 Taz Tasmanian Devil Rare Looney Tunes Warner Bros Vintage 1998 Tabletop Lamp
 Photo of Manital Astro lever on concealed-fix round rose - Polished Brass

==

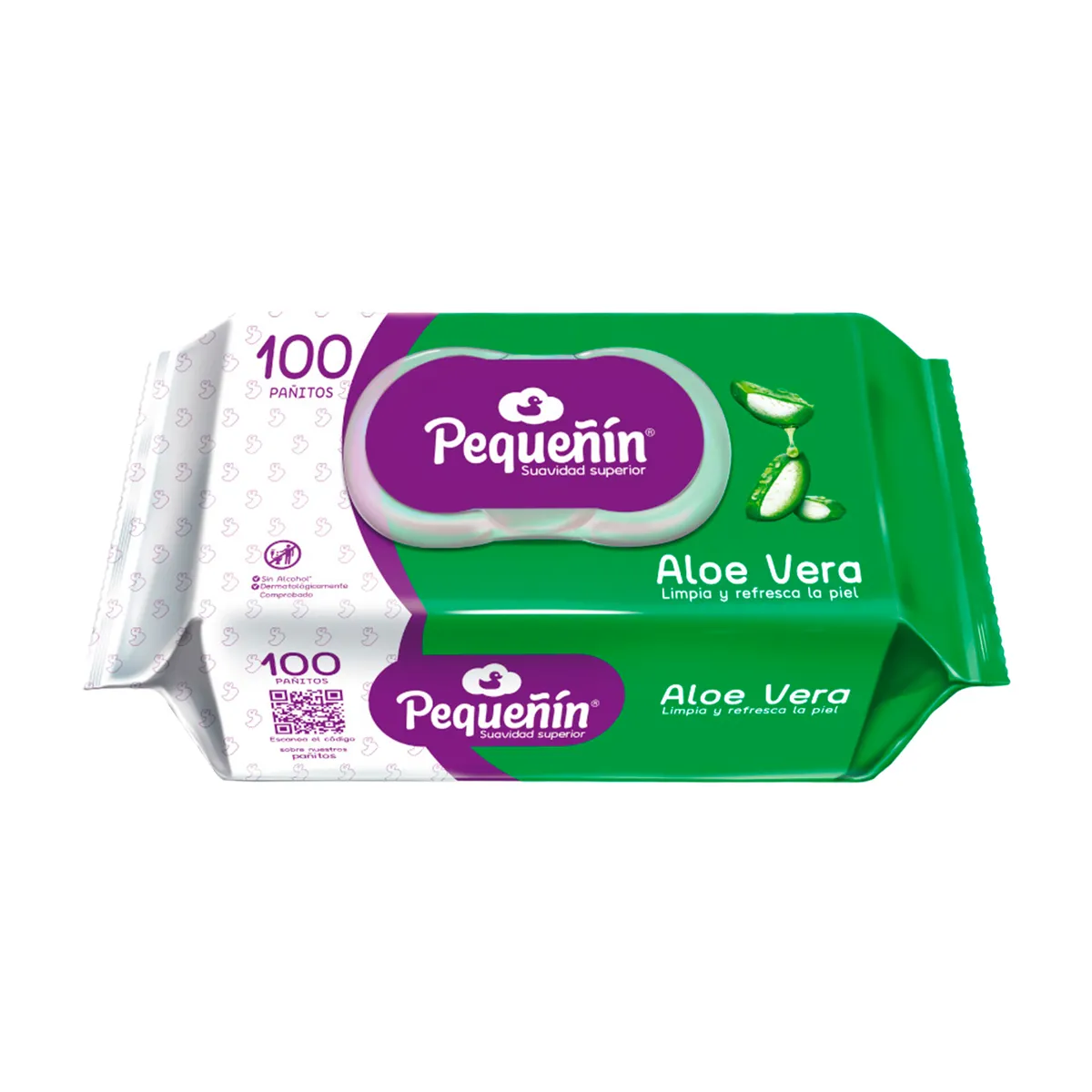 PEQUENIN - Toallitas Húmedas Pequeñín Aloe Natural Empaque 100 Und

WHAT YOU NEED TO DO
What you give back should be exactly the lines of the data above from the line with "Taz Tasmanian Devil" through the line with "Photo of Manital", both of those included, and nothing more.

REPLY TO THE EXERCISE
 Taz Tasmanian Devil Rare Looney Tunes Warner Bros Vintage 1998 Tabletop Lamp
 Photo of Manital Astro lever on concealed-fix round rose - Polished Brass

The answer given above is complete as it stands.